(Directions):
Only the lines below from the one that contains "The filter and" through the one that contains "We have the" should appear in your answer, exact and without pictures.

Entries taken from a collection
<<<<
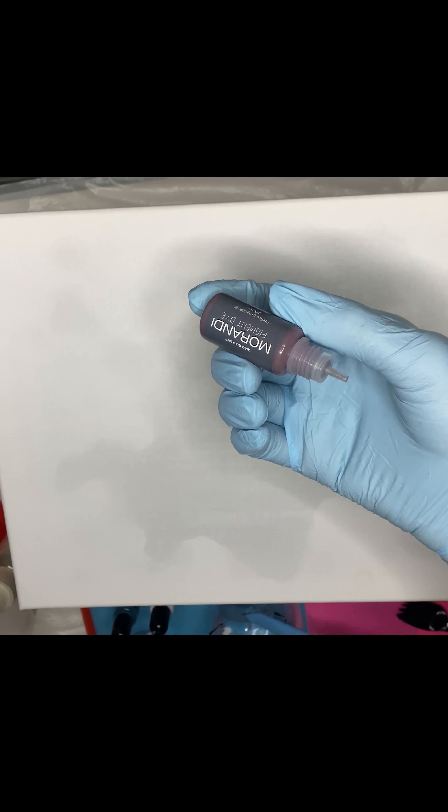Hey y'all, it's Taylor from the Resin Vault Shop. Today I'm gonna be doing resin art on the canvas for the first time. Be sure to like, comment, and subscribe.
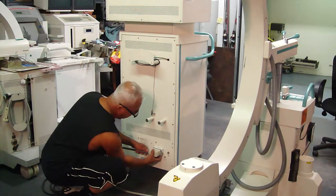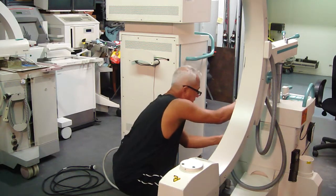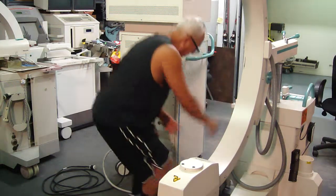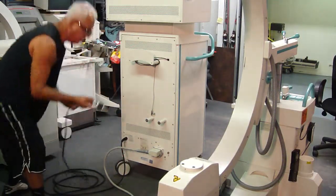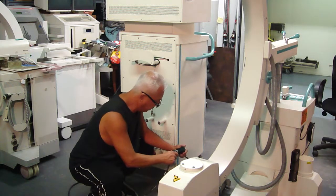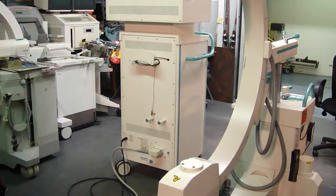Put it in here and lock it in. The one section, the second section, goes to the C-Arm and connect it. After the interconnect cable has been properly connected, then you could connect the actual C-Arm to the plug. So, that is the proper way to do it.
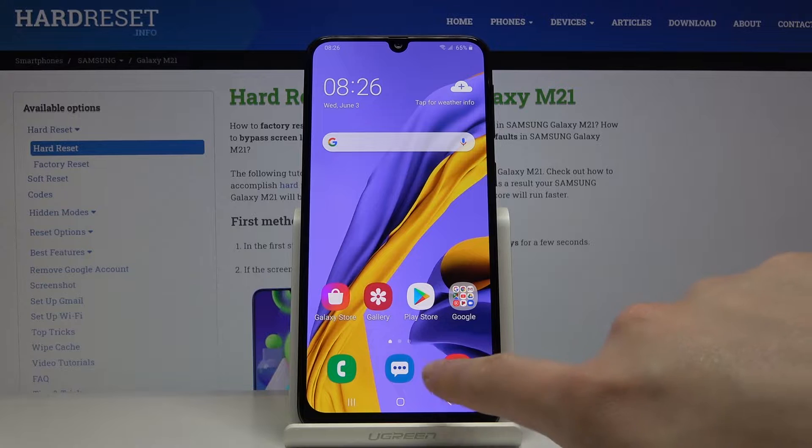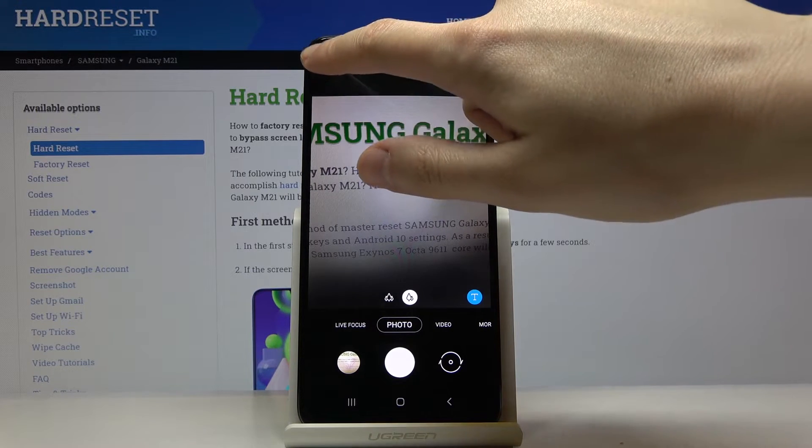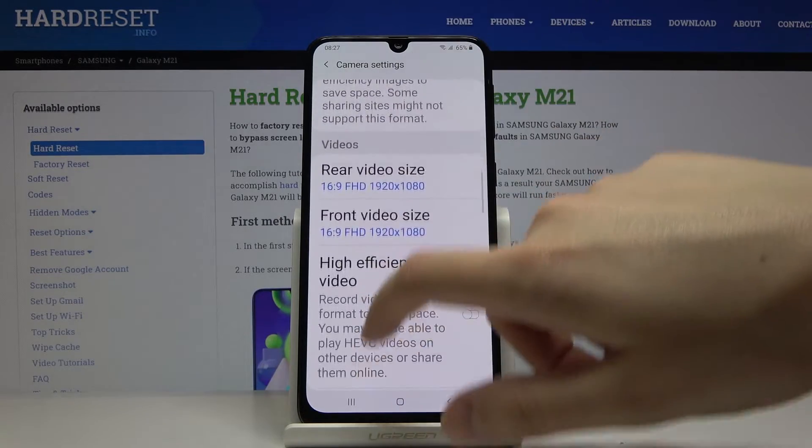First, you have to click on the camera button and now we are in the standard photo mode. We have to go to the more advanced settings, which are in the left corner, so by tapping on this button we get access to it, and now we have to slide down.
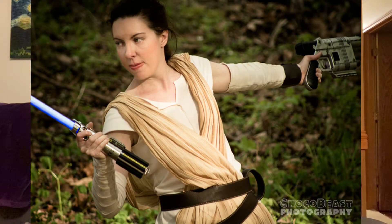At these conventions I always dress up, and one of the costumes I've been doing for about the past four years is Rey from the new Star Wars trilogy. It was one of the first costumes I made when I started really getting into cosplaying and going to conventions regularly. I've worn it in a parade, at conventions in general, and in a couple of photo shoots with my dad and a friend. It's a costume I really love.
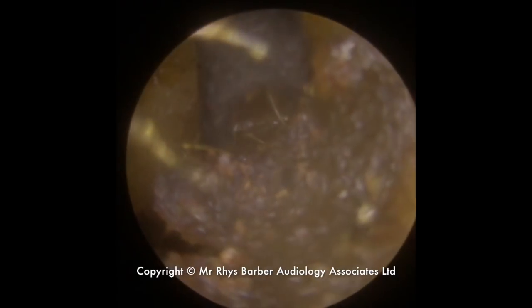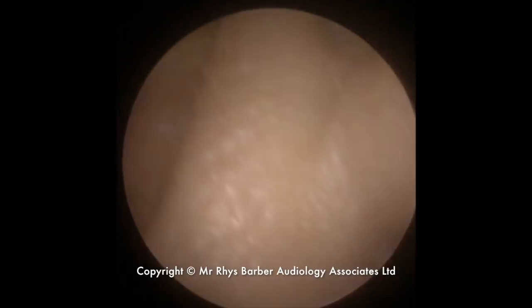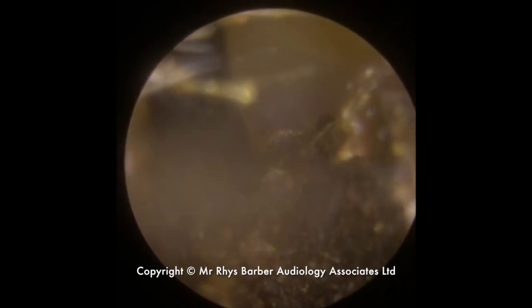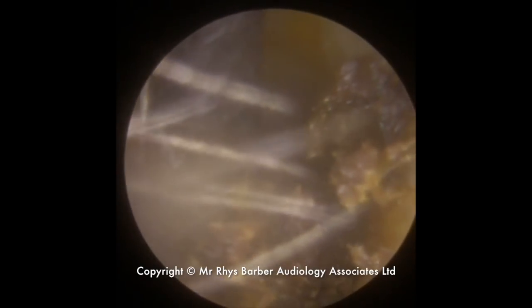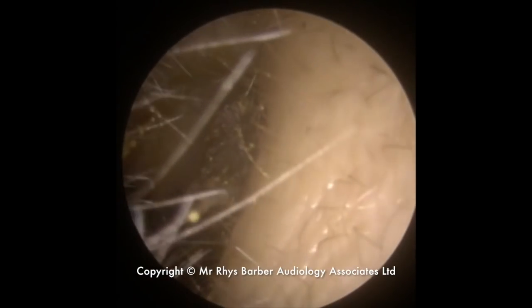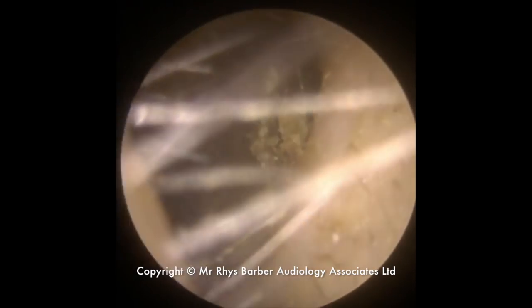When you use a Zollner tube, it just blocks the end of the Zollner very quickly. So what you have to do is keep clearing it out a lot, and you get a lot more out using the Jobson horn. What I like to do is try and take the central portion of wax away first of all — create a little valley in the middle, and then use the Zollner tube to pull the wax away from the canal walls.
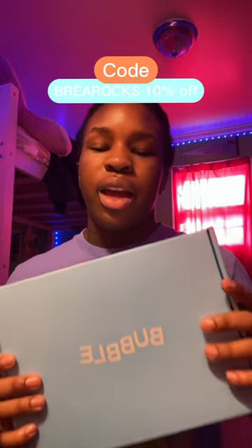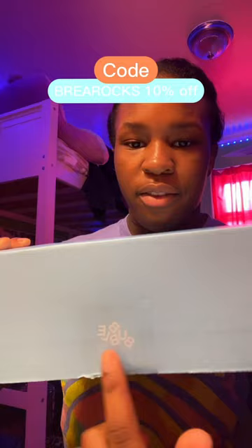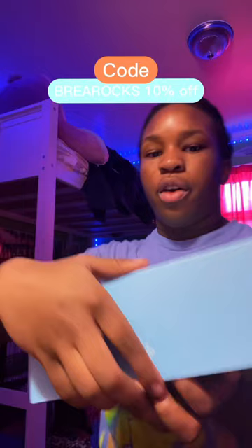Let's open my bubble package. And if I sound weird, that's because I'm sick. Of course, they have the bubble on the packaging tape and the bubble on the box. Okay, let's open it.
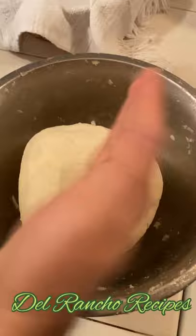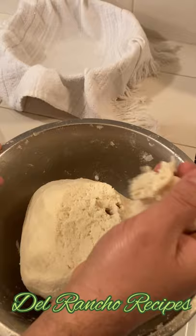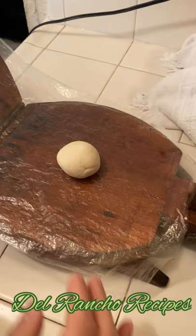Now it's ready. I removed the dough from my hands. I have the flat griddle. We're going to grab some dough like this, make it like this, knead it like this and place it on the press.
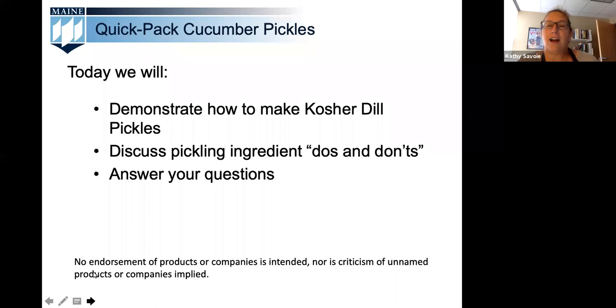Our webinars follow the USDA recommendations for preserving foods at home and correspond with the Maine growing cycle. Today's topic on quick pack cucumber pickles covers fresh vegetables flavored in a mixture of water, vinegar, salt, and spices known as the brine. These pickles are not fermented, but some are brined several hours or overnight, then drained and covered with vinegar and seasonings. These products are typically canned in a boiling water bath for a long shelf life.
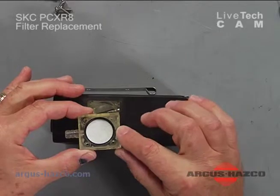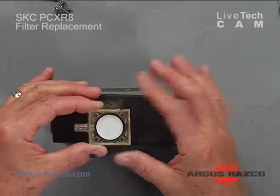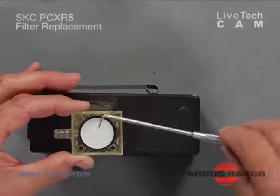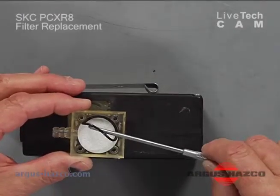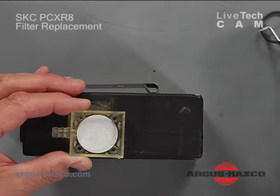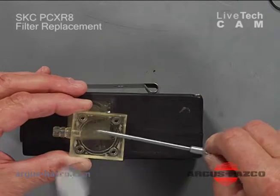The filter and the o-ring will usually be inside the top half of the housing. You will take your sharp implement — a pick or a small screwdriver — lift out the old o-ring, and then lift out the old filter.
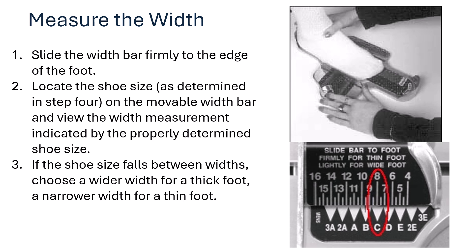To measure the width, slide the width bar firmly to the edge of the foot to locate the shoe size. Slide the bar firmly for a thin foot, and lightly for a wide foot.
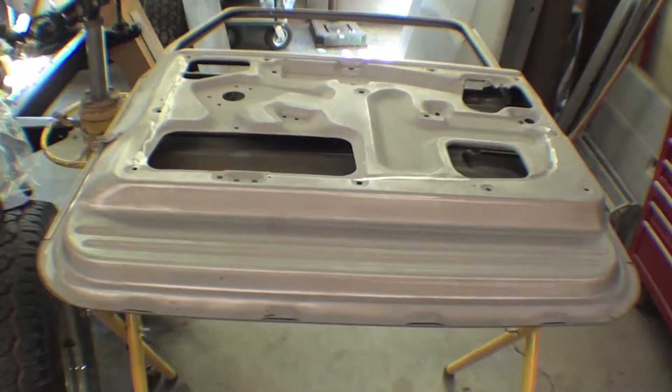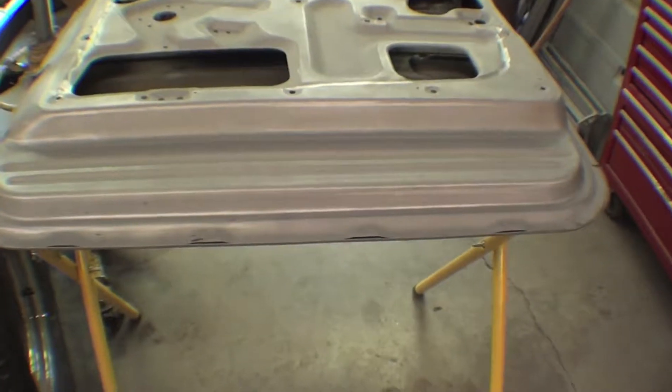We have the doors on the stand here as we do a little bit of fabrication. It's kind of hard to see maybe, but John has cut out that section that I showed you that was slightly rusted, which is just a very small section there.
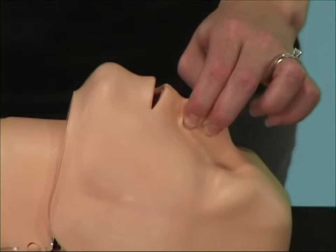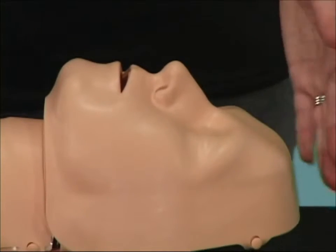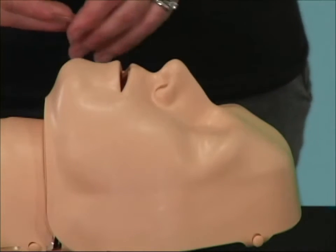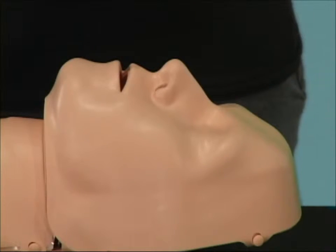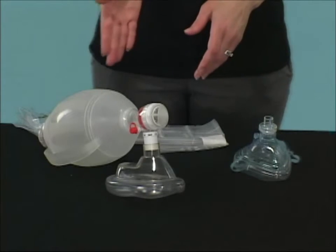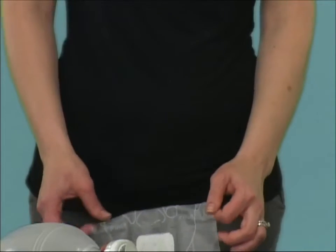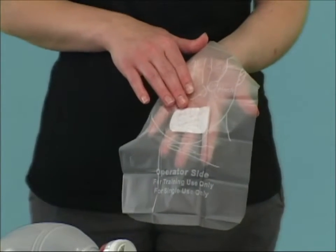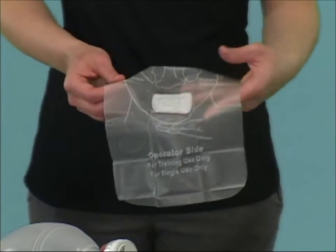In other words, if the nose is not pinched at all, or if the nose is not pinched properly, even if the head tilt is done properly, the rescue breaths will escape through the nose and not inflate the lungs. The PractiMan works well with mask-mouth and mask-bag ventilation. As far as contact with the mannequin's mouth, an inexpensive barrier device with a filter is all I need to avoid catching anything from other users.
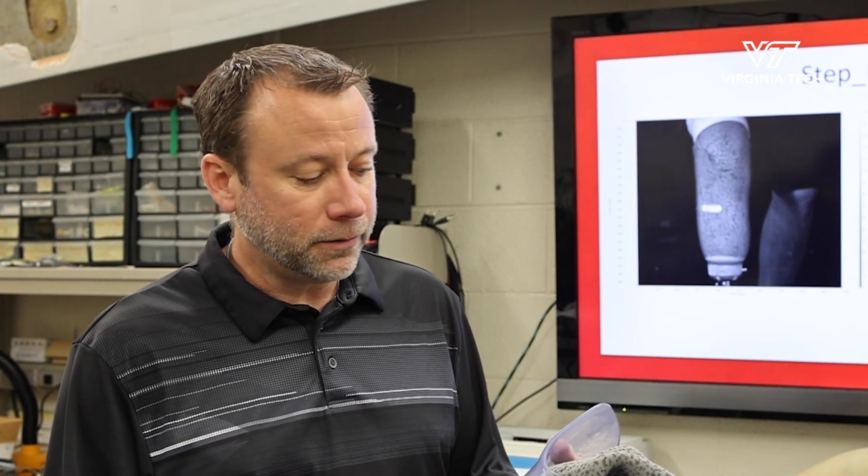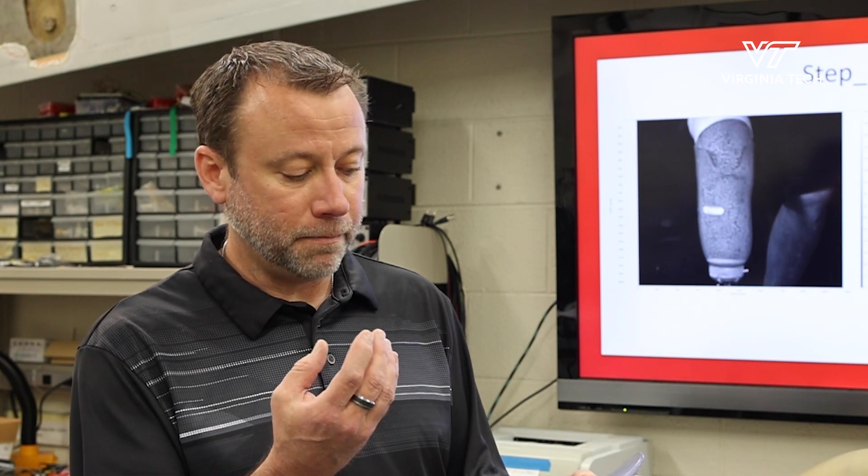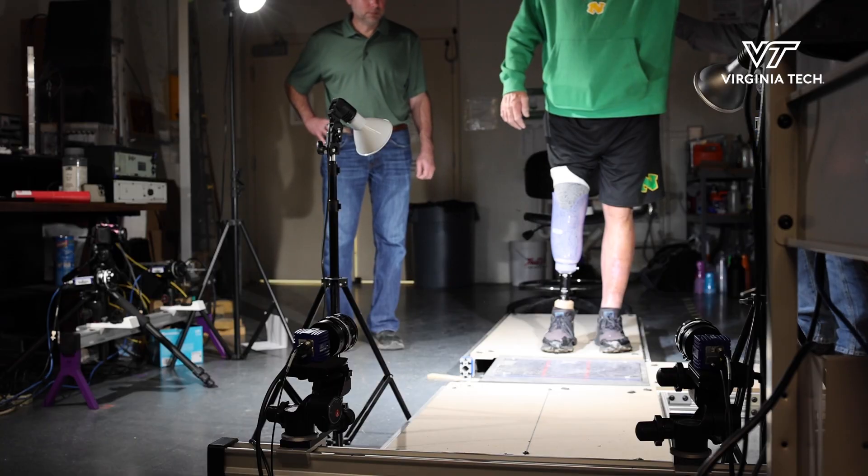What we're applying is a new technique called digital image correlation for measuring how the limb is going to deform through the prosthetic socket.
>>>>
(Result of the exercise):
The filter and the o-ring will usually be inside the top half of the housing. You will take your sharp implement — a pick or a small screwdriver — lift out the old o-ring, and then lift out the old filter.
To measure the width, slide the width bar firmly to the edge of the foot to locate the shoe size. Slide the bar firmly for a thin foot, and lightly for a wide foot.
We have the doors on the stand here as we do a little bit of fabrication. It's kind of hard to see maybe, but John has cut out that section that I showed you that was slightly rusted, which is just a very small section there.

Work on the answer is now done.